**WHAT THE EXERCISE ASKS:**
Copy out the data that comes next, character for character, and leave the images aside.

[Opening TASK DATA section]

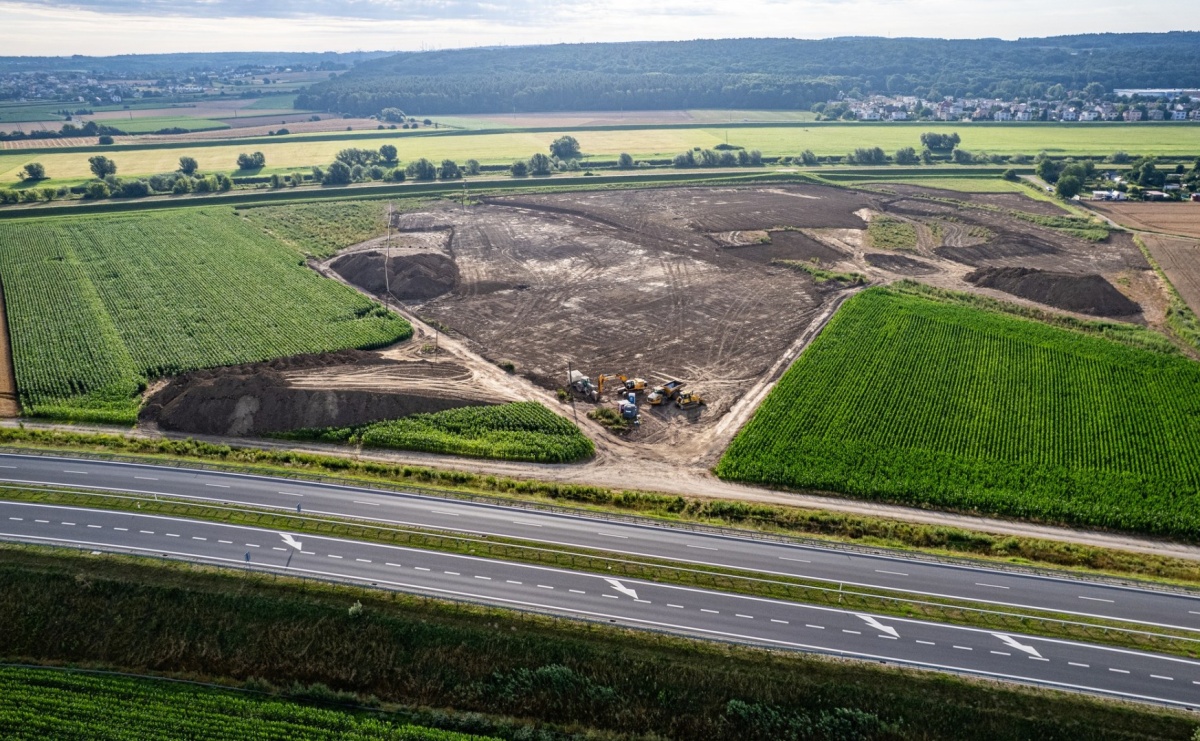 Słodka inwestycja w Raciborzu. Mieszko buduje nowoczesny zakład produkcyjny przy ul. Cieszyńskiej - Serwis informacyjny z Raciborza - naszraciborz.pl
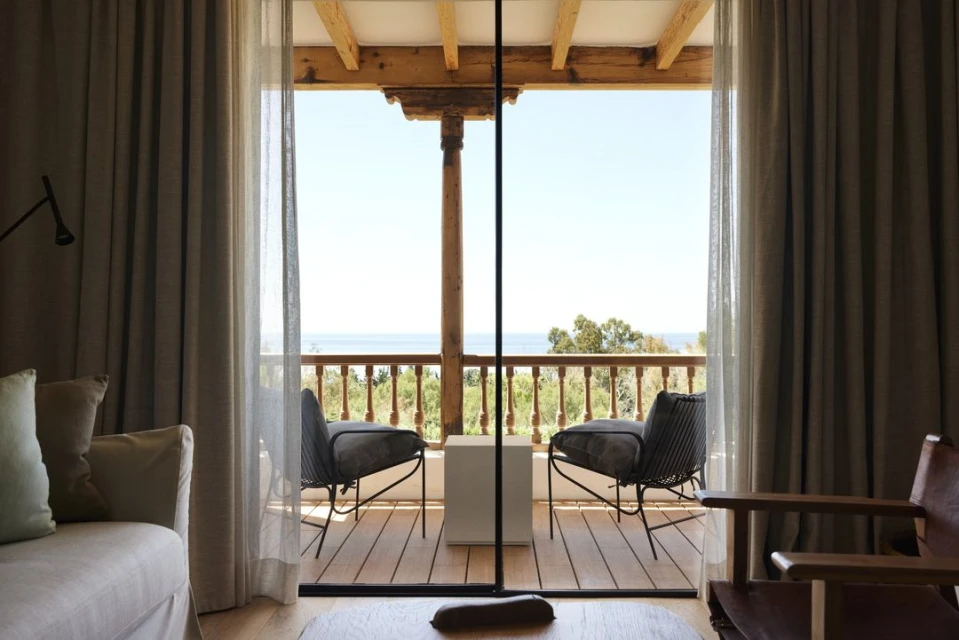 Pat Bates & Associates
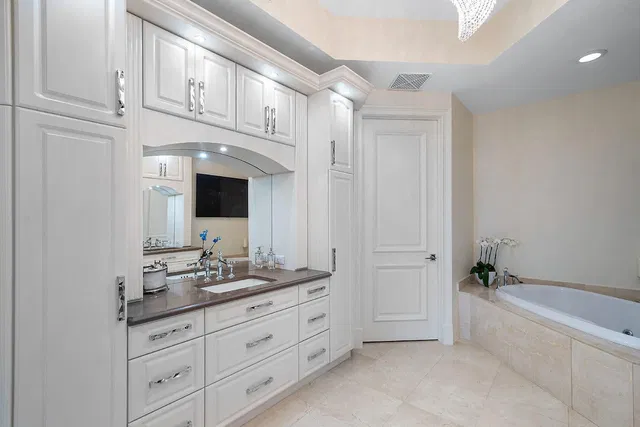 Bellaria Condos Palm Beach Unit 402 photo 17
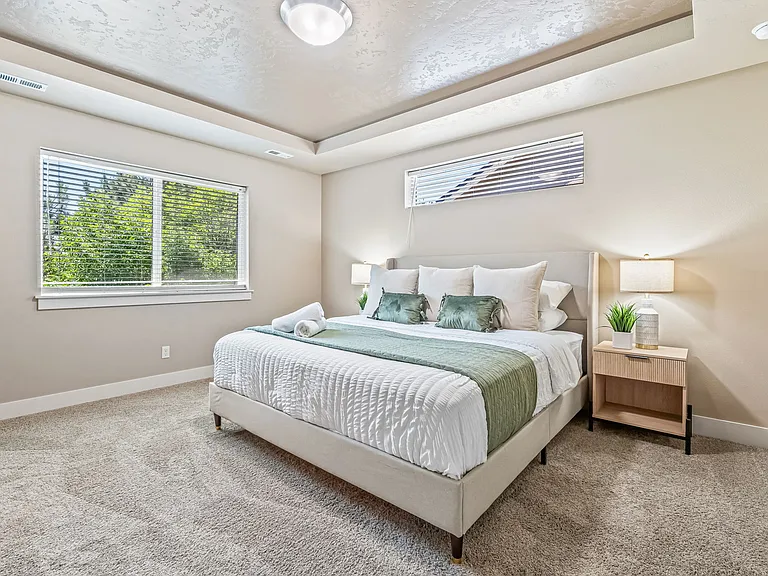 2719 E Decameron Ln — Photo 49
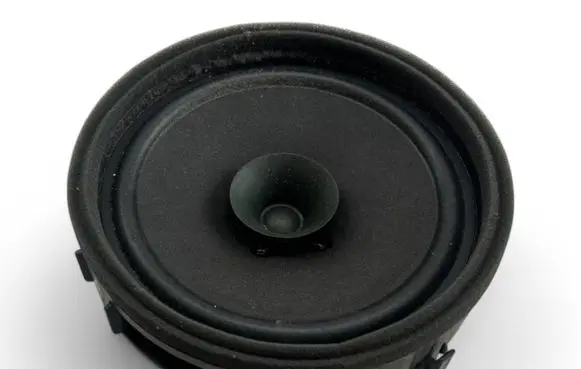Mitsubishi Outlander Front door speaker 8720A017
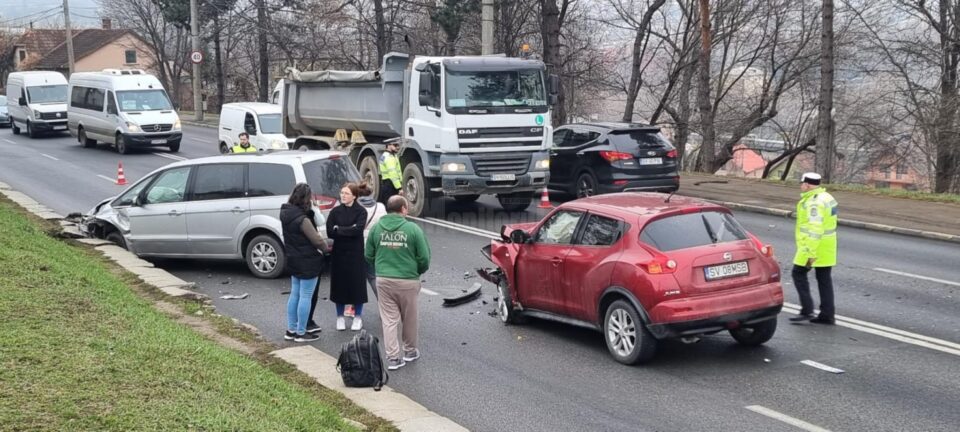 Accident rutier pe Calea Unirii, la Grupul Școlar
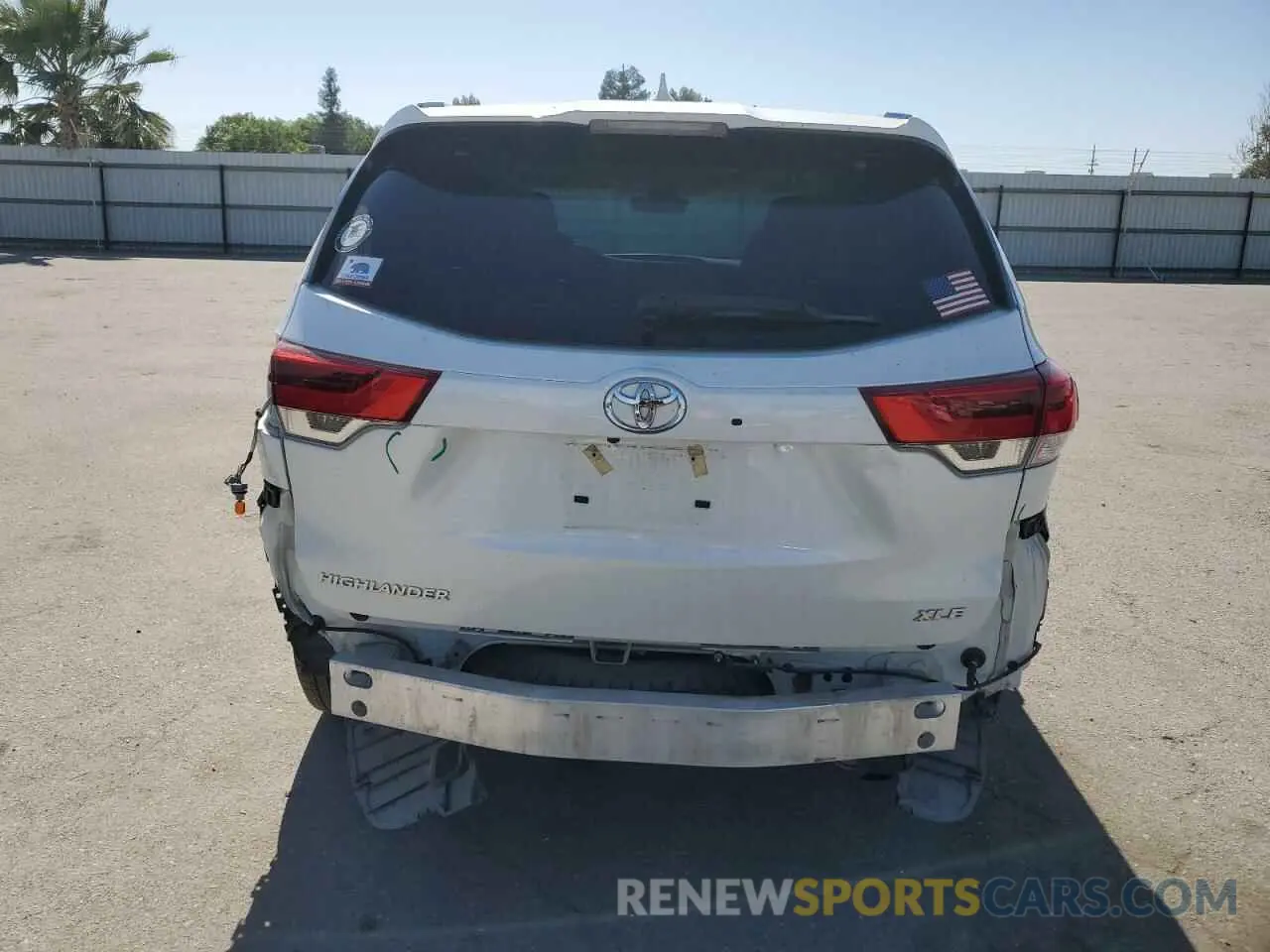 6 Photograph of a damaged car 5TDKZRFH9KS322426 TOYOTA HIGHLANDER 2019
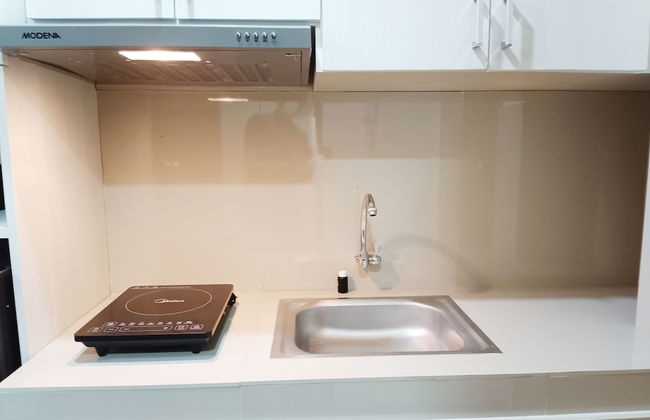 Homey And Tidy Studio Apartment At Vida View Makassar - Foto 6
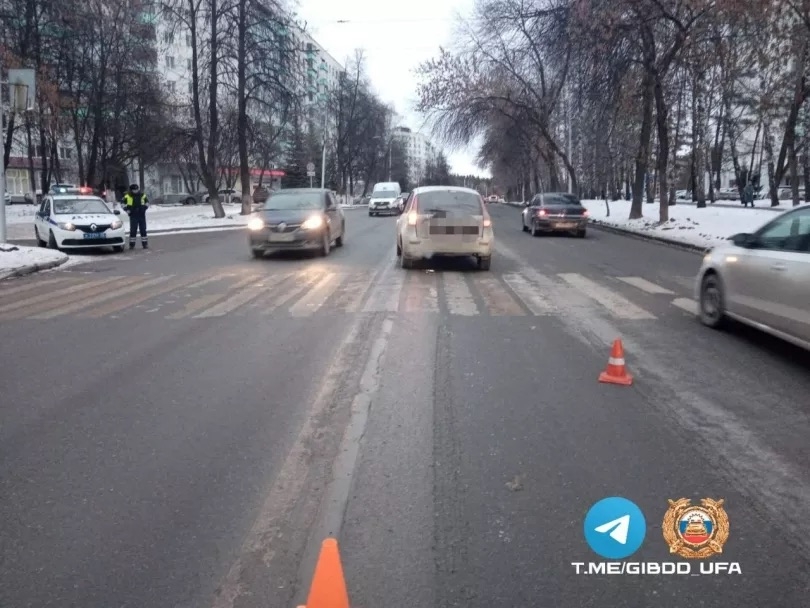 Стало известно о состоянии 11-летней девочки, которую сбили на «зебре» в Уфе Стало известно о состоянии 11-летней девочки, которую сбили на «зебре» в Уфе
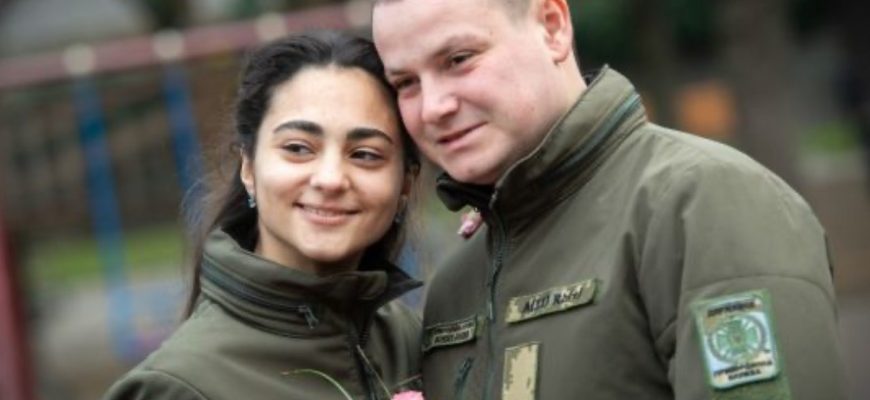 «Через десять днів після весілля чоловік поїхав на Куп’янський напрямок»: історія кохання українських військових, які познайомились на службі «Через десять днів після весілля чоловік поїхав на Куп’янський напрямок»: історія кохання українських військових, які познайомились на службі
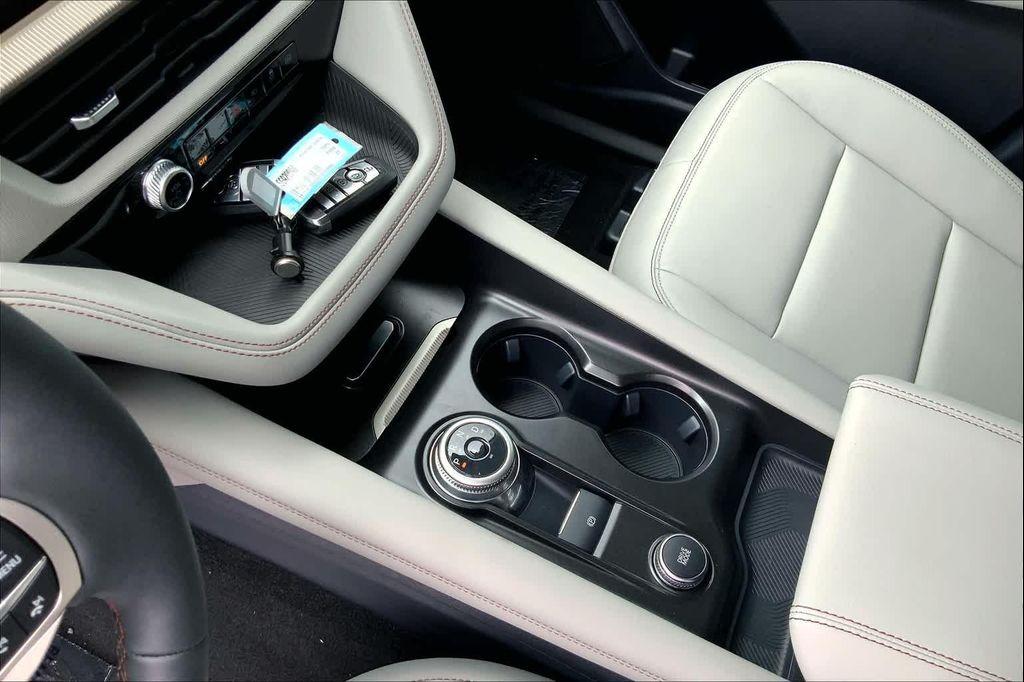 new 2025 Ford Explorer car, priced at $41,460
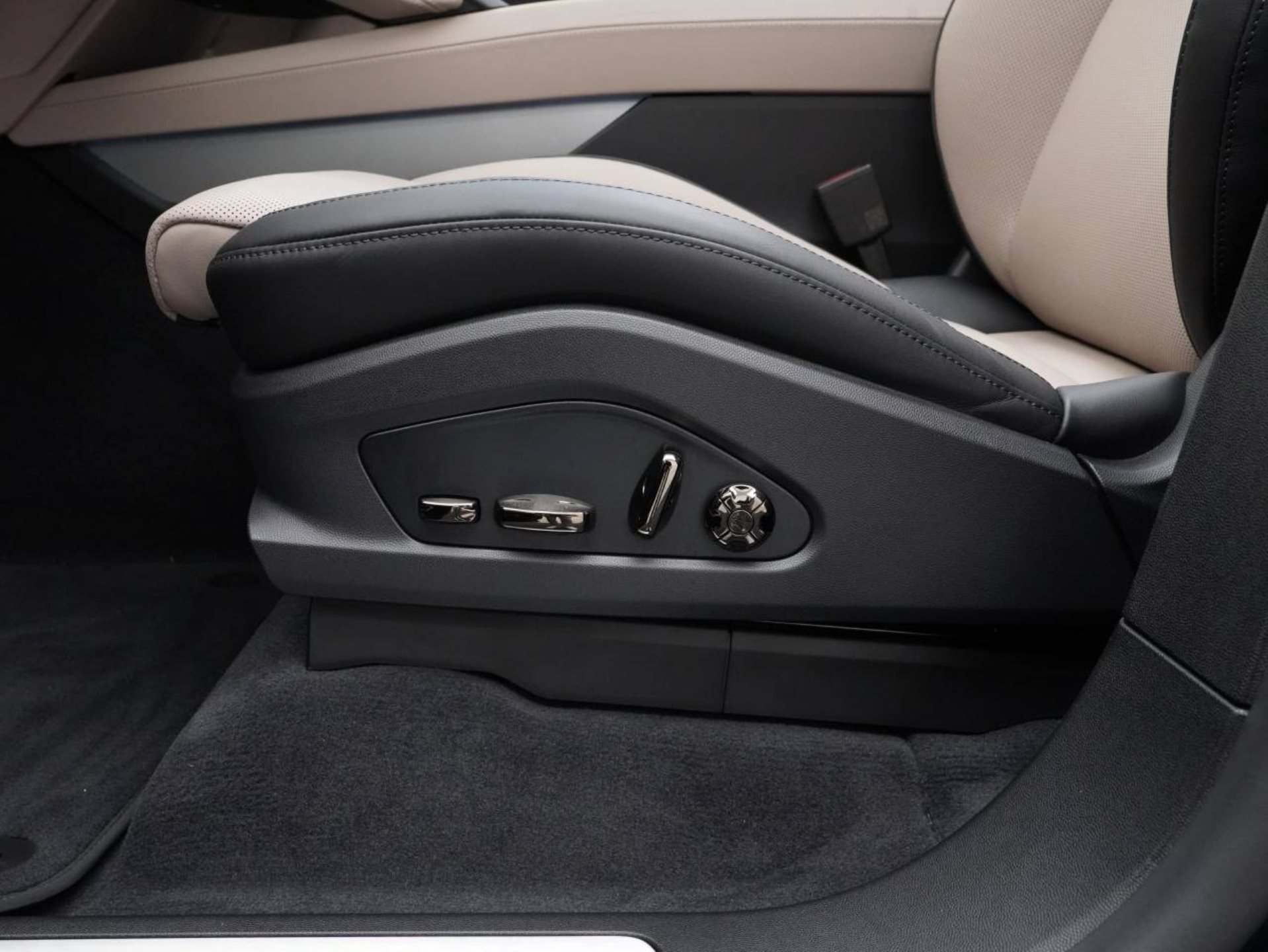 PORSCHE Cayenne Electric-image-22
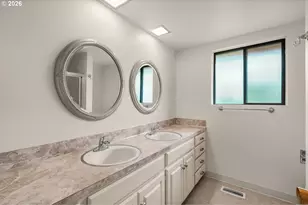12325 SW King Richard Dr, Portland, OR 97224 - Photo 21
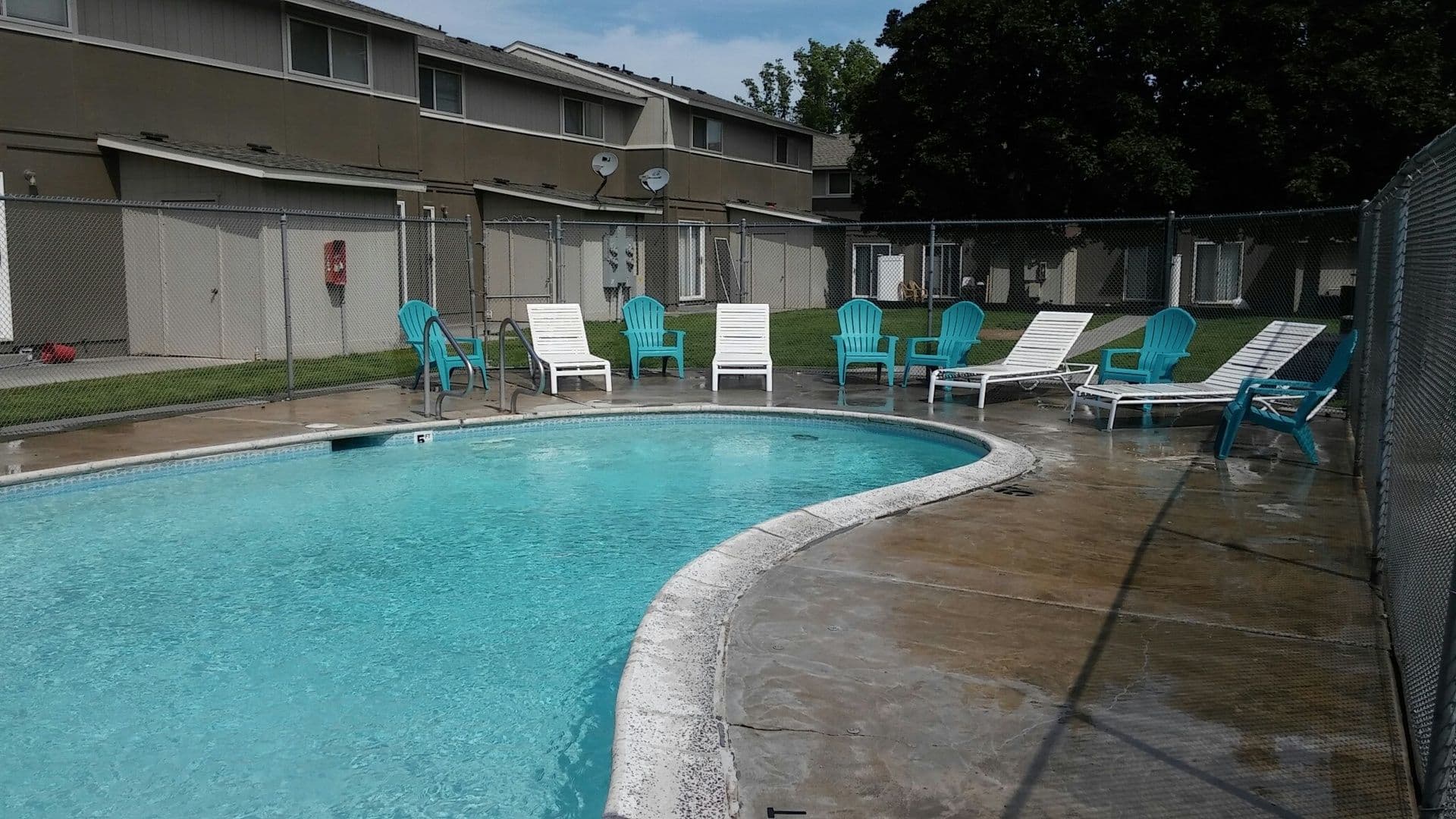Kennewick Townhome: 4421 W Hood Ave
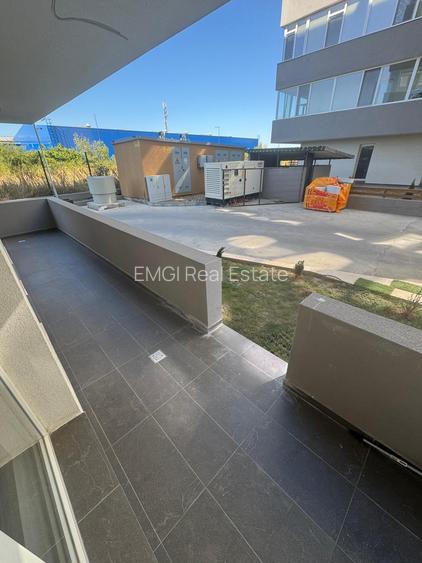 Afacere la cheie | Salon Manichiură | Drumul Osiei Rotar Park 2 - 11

[Closing TASK DATA section]

**SOLUTION:**
 Słodka inwestycja w Raciborzu. Mieszko buduje nowoczesny zakład produkcyjny przy ul. Cieszyńskiej - Serwis informacyjny z Raciborza - naszraciborz.pl
 Pat Bates & Associates
 Bellaria Condos Palm Beach Unit 402 photo 17
 2719 E Decameron Ln — Photo 49
Mitsubishi Outlander Front door speaker 8720A017
 Accident rutier pe Calea Unirii, la Grupul Școlar
 6 Photograph of a damaged car 5TDKZRFH9KS322426 TOYOTA HIGHLANDER 2019
 Homey And Tidy Studio Apartment At Vida View Makassar - Foto 6
 Стало известно о состоянии 11-летней девочки, которую сбили на «зебре» в Уфе Стало известно о состоянии 11-летней девочки, которую сбили на «зебре» в Уфе
 «Через десять днів після весілля чоловік поїхав на Куп’янський напрямок»: історія кохання українських військових, які познайомились на службі «Через десять днів після весілля чоловік поїхав на Куп’янський напрямок»: історія кохання українських військових, які познайомились на службі
 new 2025 Ford Explorer car, priced at $41,460
 PORSCHE Cayenne Electric-image-22
12325 SW King Richard Dr, Portland, OR 97224 - Photo 21
Kennewick Townhome: 4421 W Hood Ave
 Afacere la cheie | Salon Manichiură | Drumul Osiei Rotar Park 2 - 11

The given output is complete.